Yes, albuterol (salbutamol INN name) does give you an advantage beyond opening your airways, it has anabolic properties. Iban Mayo was caught using it, blocking his chances of a comeback. Advair contains a glucocorticoid (fluticasone) and another bronchodilator similar to albuterol. Glucocorticoids are efficient for doping if you take the as pills or by injection, but I have no idea if you can get systemic effect of glucocorticoids by inhaling. I also don't know if salmeterol has the same anabolic properties as albuterol, and who cares anyway. It would be crazy for an asthmatic not to take these substances. If you really care for doping, why stick to asthma inhalers? So you can cough up (pun intended) a nice, believable excuse?


----------



## doogiepa (Dec 2, 2008)

tricycletalent said:


> Yes, albuterol (salbutamol INN name) does give you an advantage beyond opening your airways, it has anabolic properties. Iban Mayo was caught using it, blocking his chances of a comeback. Advair contains a glucocorticoid (fluticasone) and another bronchodilator similar to albuterol. Glucocorticoids are efficient for doping if you take the as pills or by injection, but I have no idea if you can get systemic effect of glucocorticoids by inhaling. I also don't know if salmeterol has the same anabolic properties as albuterol, and who cares anyway. It would be crazy for an asthmatic not to take these substances. If you really care for doping, why stick to asthma inhalers? So you can cough up (pun intended) a nice, believable excuse?



I disagree with most of the above. First of all, I have NEVER heard that any bronchodilator will give you an advantage unless you have an underlying lung condition (eg asthma). I don't believe it has any "anabolic" properties whatsoever. Maybe might help recovery a smidge if you really work hard in an area with lots of air pollution, maybe? But that's really a stretch.

Similarly, glucocorticoids, which are CATABOLIC steroids, not ANABOLIC steroids, probably give NO benefit either, in athletic performance. If anything, they break down muscle and give you a disadvantage!!


----------



## tricycletalent (Apr 2, 2005)

doogiepa said:


> I disagree with most of the above. First of all, I have NEVER heard that any bronchodilator will give you an advantage unless you have an underlying lung condition (eg asthma). I don't believe it has any "anabolic" properties whatsoever. Maybe might help recovery a smidge if you really work hard in an area with lots of air pollution, maybe? But that's really a stretch.
> 
> Similarly, glucocorticoids, which are CATABOLIC steroids, not ANABOLIC steroids, probably give NO benefit either, in athletic performance. If anything, they break down muscle and give you a disadvantage!!


OK, so u disagree. It's not my opinion. It is what I sniffed out of medline back in the days when Mayo got caught. (sucked)

Yeah, glucocorticoids are catabolic steroids.


----------



## spade2you (May 12, 2009)

Albuterol is NOT salmeterol. Neither albuterol or salmeterol are steroids. They can be combined with steroids and this is done commonly, but that does not make the beta 2 agonist a steroid in any way, shape, or form.


----------



## tricycletalent (Apr 2, 2005)

spade2you said:


> Albuterol is NOT salmeterol. Neither albuterol or salmeterol are steroids. They can be combined with steroids and this is done commonly, but that does not make the beta 2 agonist a steroid in any way, shape, or form.
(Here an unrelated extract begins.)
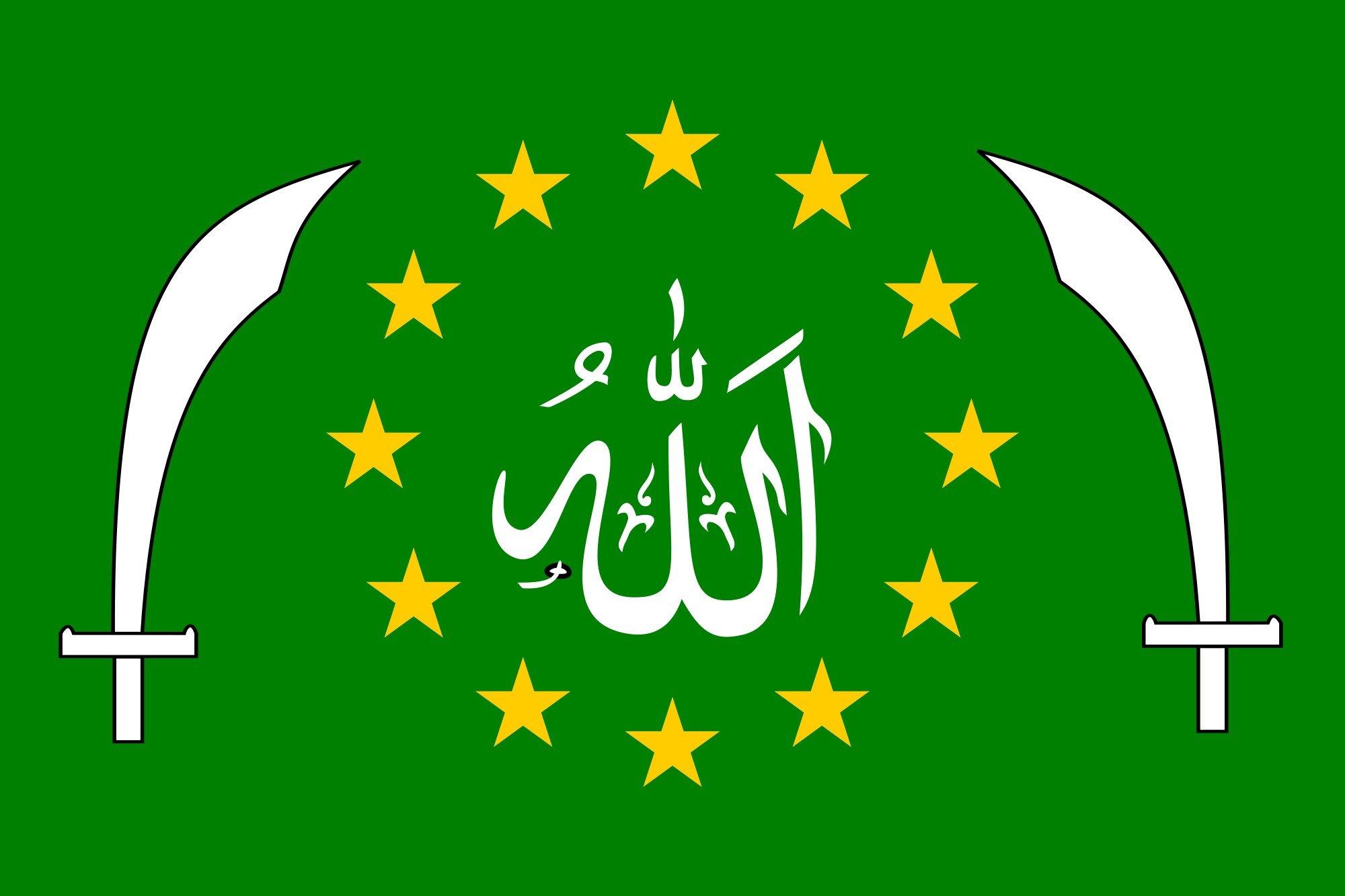 2000px eurabia, Flag, Svg Wallpaper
No, albuterol is NOT salmeterol, it is sal_butamol_. You are completely right, why you are enlightening us on this issue, where there was no initial confusion, is beyond me. 
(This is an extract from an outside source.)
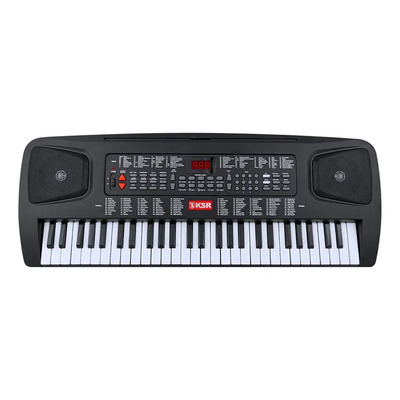 Teclado Musical Kaiser MTC-5485 54 Teclas Modo De Enseñanza 10 Percusiones 100 Tonos y 100 Ritmos 10 Canciones Demo Incluye Atril | Meses sin interés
Also, nobody said albuterol was a steroid. It has anabolic properties, causing muscle mass increase:

http://www.ncbi.nlm.nih.gov/pubmed/...ed_ResultsPanel.Pubmed_RVDocSum&ordinalpos=23
http://www.ncbi.nlm.nih.gov/pubmed/...ed_ResultsPanel.Pubmed_RVDocSum&ordinalpos=24

Also mentioned here: 
http://www.ncbi.nlm.nih.gov/pubmed/...ed_ResultsPanel.Pubmed_RVDocSum&ordinalpos=20

Also increases muscle mass in those with parkinson:
http://www.ncbi.nlm.nih.gov/pubmed/...ed_ResultsPanel.Pubmed_RVDocSum&ordinalpos=15

As for the glucocorticoid stuff, maybe I should mention that the point isn't building muscle mass, but using every building block in the human body to increase production of blood glucose? Which makes it pretty obvious why Jörg Jacksche and others would use recombinant CRH. But hey, wtf do I know, right.


----------



## spade2you (May 12, 2009)

tricycletalent said:


> No, albuterol is NOT salmeterol, it is sal_butamol_. You are completely right, why you are enlightening us on this issue, where there was no initial confusion, is beyond me.
> 
> Also, nobody said albuterol was a steroid. It has anabolic properties, causing muscle mass increase:
> 
> ...


My bad, my peepers saw Salmeterol. 

As for the pub med studies, they're just studies of minimal value. 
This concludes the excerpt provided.